* **WHAT TO WORK ON**
Return the lines of the listing below exactly as they appear, beginning at the one with "Bluetooth glasses headset" and stopping after the one with "Clay Pot Fire"; do not include pictures.

* **EXTRACTED ENTRIES**
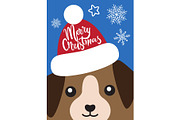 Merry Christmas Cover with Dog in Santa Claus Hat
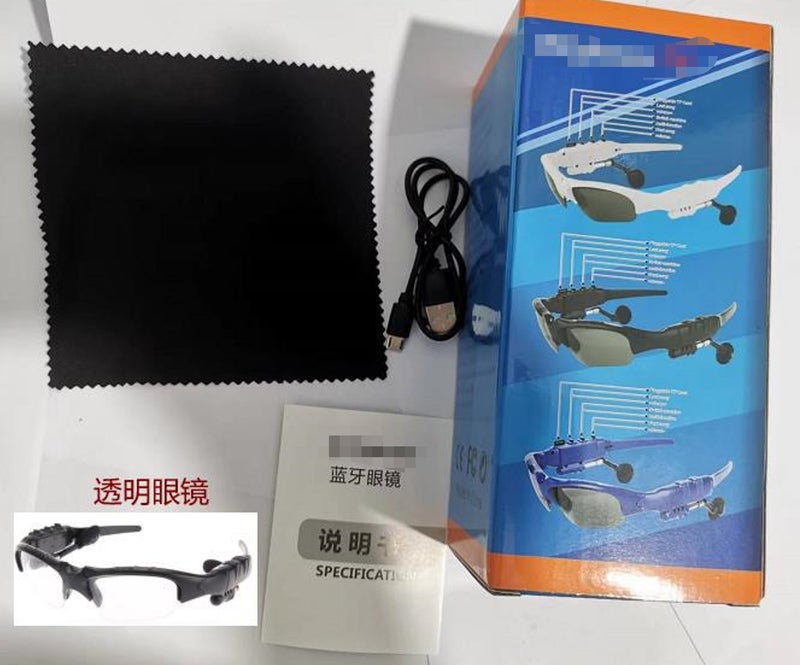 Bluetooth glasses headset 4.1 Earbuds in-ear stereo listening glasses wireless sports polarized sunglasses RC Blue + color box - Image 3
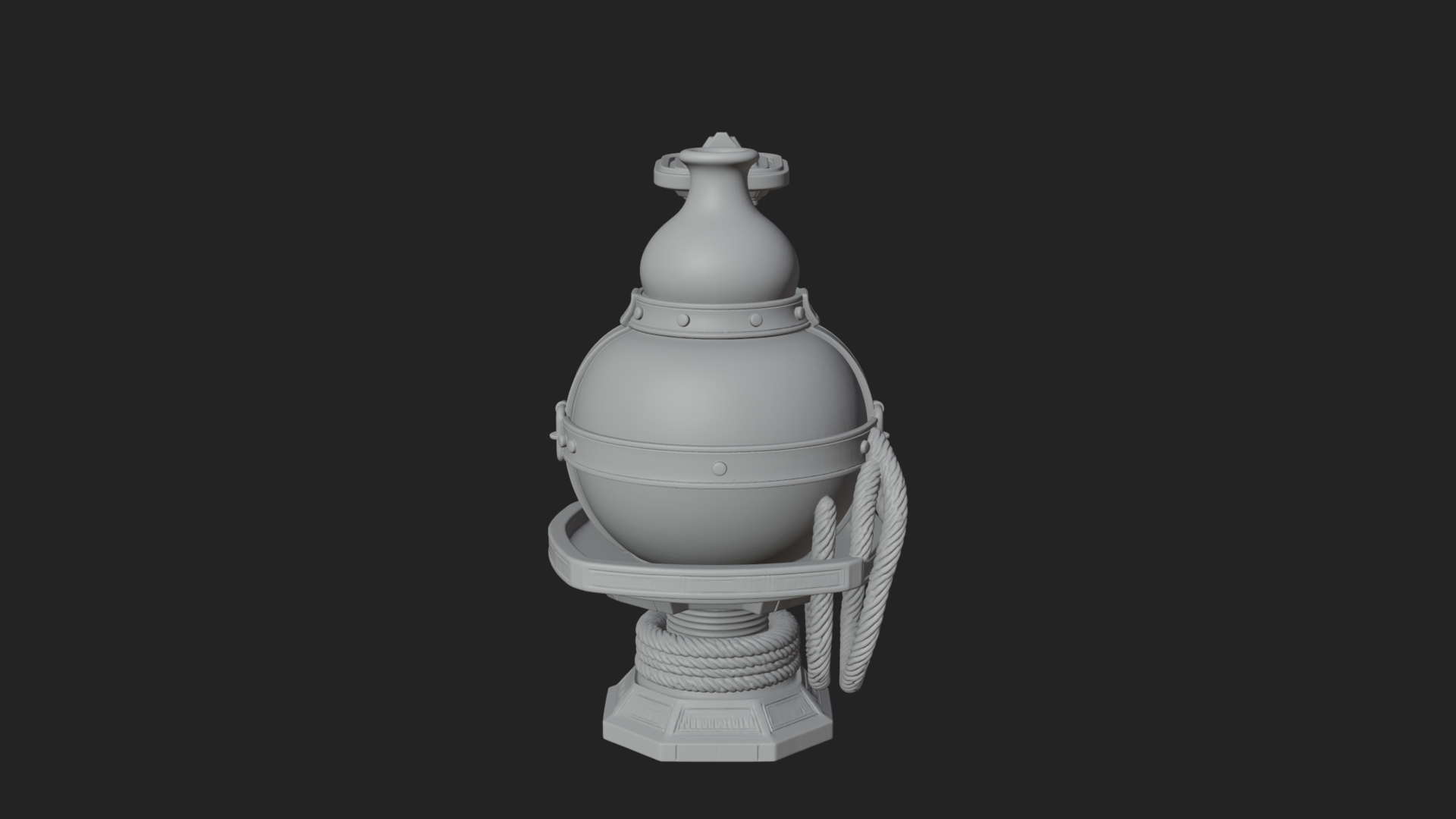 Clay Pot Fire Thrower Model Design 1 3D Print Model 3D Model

* * *

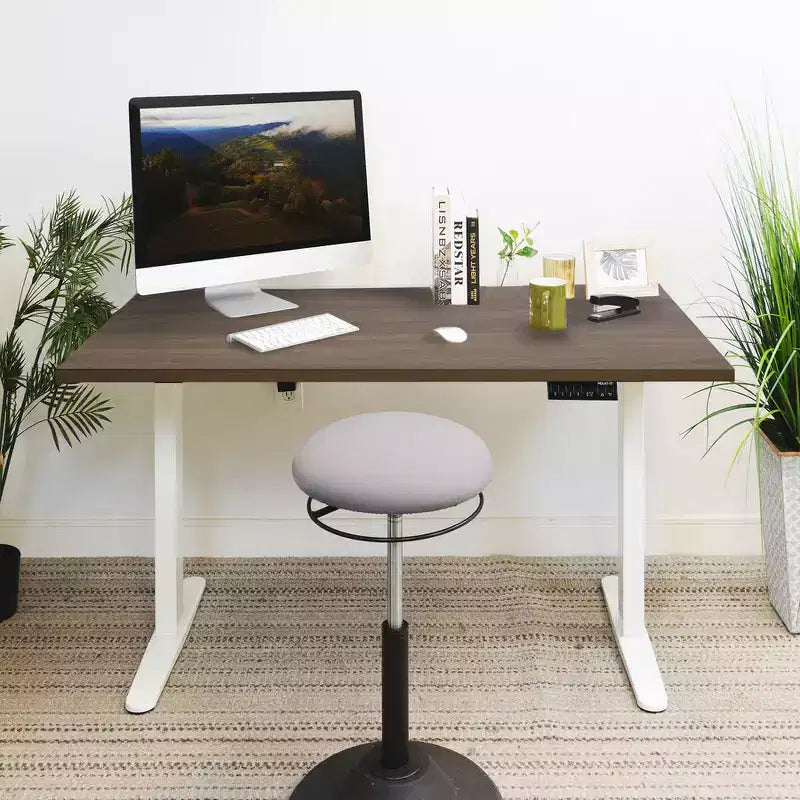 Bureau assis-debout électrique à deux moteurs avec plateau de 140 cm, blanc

* **TASK RESPONSE**
 Bluetooth glasses headset 4.1 Earbuds in-ear stereo listening glasses wireless sports polarized sunglasses RC Blue + color box - Image 3
 Clay Pot Fire Thrower Model Design 1 3D Print Model 3D Model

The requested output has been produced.